- [Aim of the exercise]: Only one stretch of the material below is wanted: everything from the line containing "畅享春雨直播app的免费精彩内容，值得一试！" down to the line containing "Once you get", both ends included. Repeat it exactly and skip the pictures.

═══ Data extracts

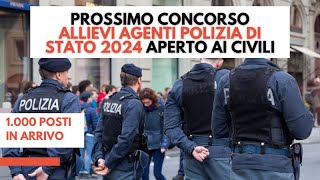 Prossimo Concorso Allievi Agenti Polizia di Stato 2024 Aperto ai Civili 1000 posti in arrivo [upl. by Alleda]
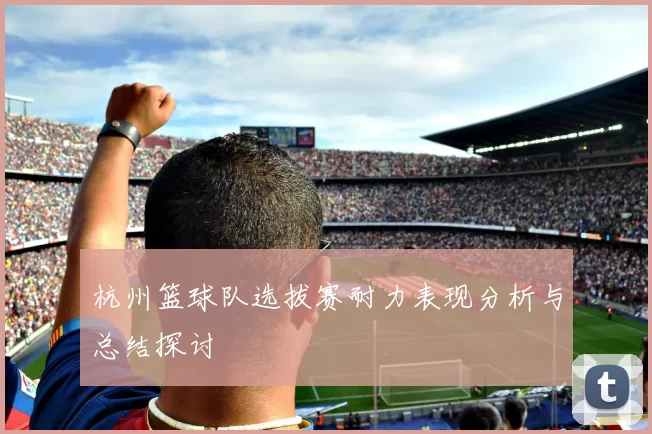 杭州篮球队选拔赛耐力表现分析与总结探讨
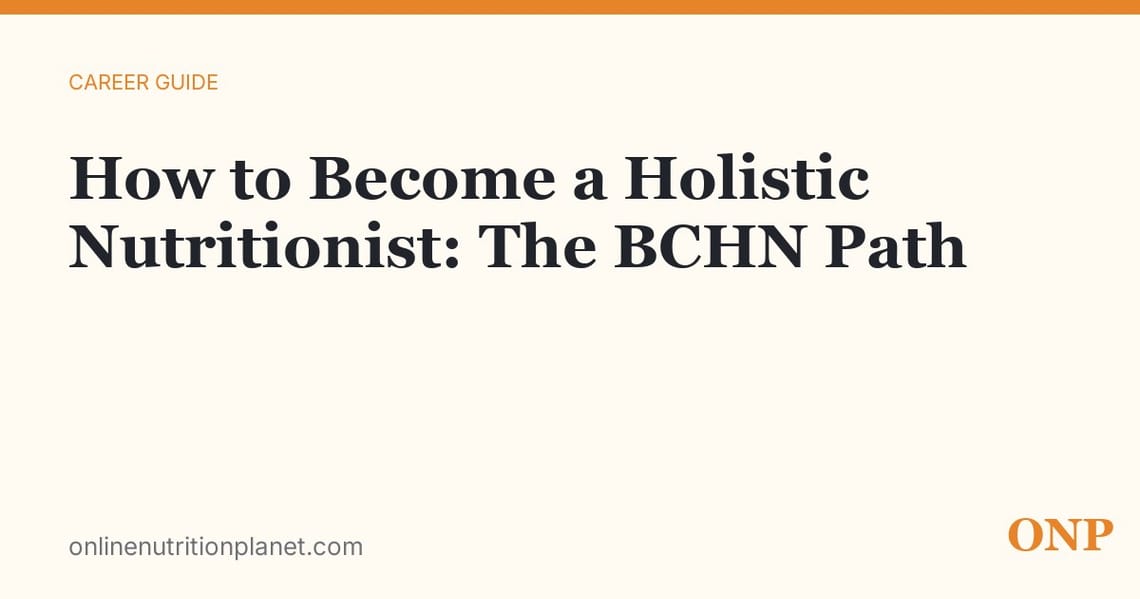 How to Become a Holistic Nutritionist: The BCHN Path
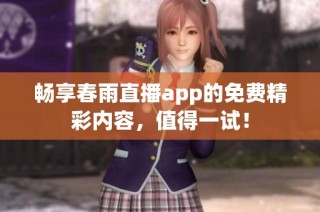 畅享春雨直播app的免费精彩内容，值得一试！
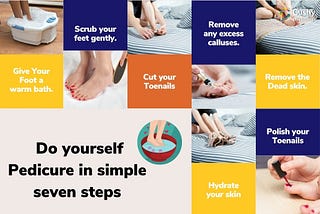 Do yourself pedicure in simple seven steps — Cushy Blog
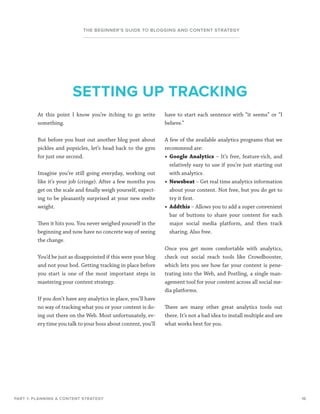 16
THE BEGINNER’S GUIDE TO BLOGGING AND CONTENT STRATEGY
At this point I know you’re itching to go write
something.
But before you bust out another blog post about
pickles and popsicles, let’s head back to the gym
for just one second.
Imagine you’re still going everyday, working out
like it’s your job (cringe). After a few months you
get on the scale and finally weigh yourself, expect-
ing to be pleasantly surprised at your new svelte
weight.
Then it hits you. You never weighed yourself in the
beginning and now have no concrete way of seeing
the change.
You’d be just as disappointed if this were your blog
and not your bod. Getting tracking in place before
you start is one of the most important steps in
mastering your content strategy.
If you don’t have any analytics in place, you’ll have
no way of tracking what you or your content is do-
ing out there on the Web. Most unfortunately, ev-
ery time you talk to your boss about content, you’ll
PART 1: PLANNING A CONTENT STRATEGY
SETTING UP TRACKING
have to start each sentence with “it seems” or “I
believe.”
A few of the available analytics programs that we
recommend are:
•	 Google Analytics – It’s free, feature-rich, and
relatively easy to use if you’re just starting out
with analytics.
•	 Newsbeat – Get real time analytics information
about your content. Not free, but you do get to
try it first.
•	 Addthis – Allows you to add a super convenient
bar of buttons to share your content for each
major social media platform, and then track
sharing. Also free.
Once you get more comfortable with analytics,
check out social reach tools like Crowdbooster,
which lets you see how far your content is pene-
trating into the Web, and Postling, a single man-
agement tool for your content across all social me-
dia platforms.
There are many other great analytics tools out
there. It’s not a bad idea to install multiple and see
what works best for you.
 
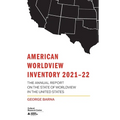 American Worldview Inventory 2021-22: The Annual Report on the State of Worldview in the United States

══════

- [Solution to the exercise]:
 畅享春雨直播app的免费精彩内容，值得一试！
 Do yourself pedicure in simple seven steps — Cushy Blog
 16
THE BEGINNER’S GUIDE TO BLOGGING AND CONTENT STRATEGY
At this point I know you’re itching to go write
something.
But before you bust out another blog post about
pickles and popsicles, let’s head back to the gym
for just one second.
Imagine you’re still going everyday, working out
like it’s your job (cringe). After a few months you
get on the scale and finally weigh yourself, expect-
ing to be pleasantly surprised at your new svelte
weight.
Then it hits you. You never weighed yourself in the
beginning and now have no concrete way of seeing
the change.
You’d be just as disappointed if this were your blog
and not your bod. Getting tracking in place before
you start is one of the most important steps in
mastering your content strategy.
If you don’t have any analytics in place, you’ll have
no way of tracking what you or your content is do-
ing out there on the Web. Most unfortunately, ev-
ery time you talk to your boss about content, you’ll
PART 1: PLANNING A CONTENT STRATEGY
SETTING UP TRACKING
have to start each sentence with “it seems” or “I
believe.”
A few of the available analytics programs that we
recommend are:
•	 Google Analytics – It’s free, feature-rich, and
relatively easy to use if you’re just starting out
with analytics.
•	 Newsbeat – Get real time analytics information
about your content. Not free, but you do get to
try it first.
•	 Addthis – Allows you to add a super convenient
bar of buttons to share your content for each
major social media platform, and then track
sharing. Also free.
Once you get more comfortable with analytics,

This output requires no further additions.